Test Mass Effect - Seite 2

Ihr seid immer mit 2 Kampfgenossen unterwegsIhr seid immer mit 2 Kampfgenossen unterwegs

Reizvolle Geschichte in authentischer Welt

Alles in allem ein rundes Paket, das absolut überzeugt. Traumhaft wäre es gewesen, auch (zumindest einige) der Alienrassen spielen zu können. Wahrscheinlich war dies aber auch aufgrund der aufwändig aus der Sicht der Menschen erzählten Geschichte gar nicht möglich. Vielleicht dürfen wir ja im zweiten Teil der als Trilogie angelegten Space Opera auch in die Haut eines Turianers, Kroganer oder eine andere der zahlreichen exotischen Aliens schlüpfen?

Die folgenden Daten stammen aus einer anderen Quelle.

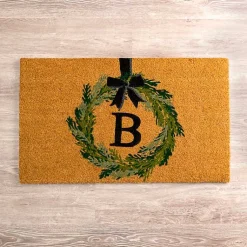 Kirklands Home Christmas Wreath Monogram B Doormat New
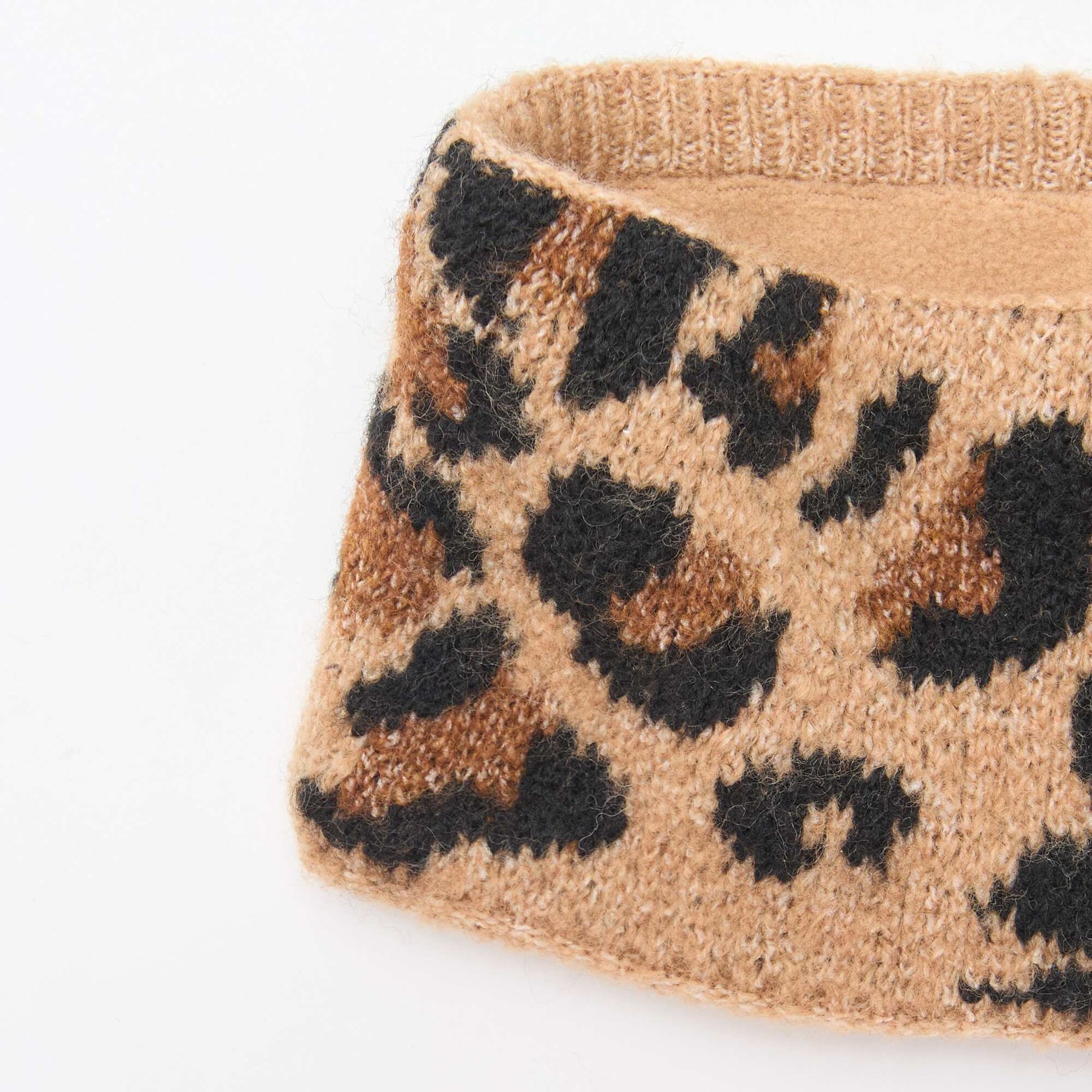 Echarpe en maille leopard MARRON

Immerhin können wir bei unseren Einsätzen je 2 Partner mitnehmen, darunter auch Aliens. Womit wir bei der Spielwelt von "Mass Effect" wären, zweifellos eine der ganz, ganz grossen Stärken des Spiels. Die Spielwelt wurde ohne Lizenz ganz alleine von den kreativen Köpfen bei Bioware entworfen. Zu ihr gehören nicht nur die 12 im Spiel vertretenen Spezies, sondern auch eine komplexe Geschichte jedes einzelnen Volkes inklusive diplomatischen Beziehungen (und Kriegen) untereinander, den zugehörigen Heimatwelten, in die uns das Spiel zumindest zum Teil führt und vielem, vielem mehr. Auch wenn dabei gewisse Ähnlichkeiten zu Star Trek & Co nicht zu übersehen sind, hat Bioware ein enorm grosses, glaubwürdiges und dennoch eigenständiges Universum geschaffen. Keine andere Science-Fiction Welt hat mich bisher in einem Computerspiel so sehr in ihren Bann gezogen wie das Universum von "Mass Effect".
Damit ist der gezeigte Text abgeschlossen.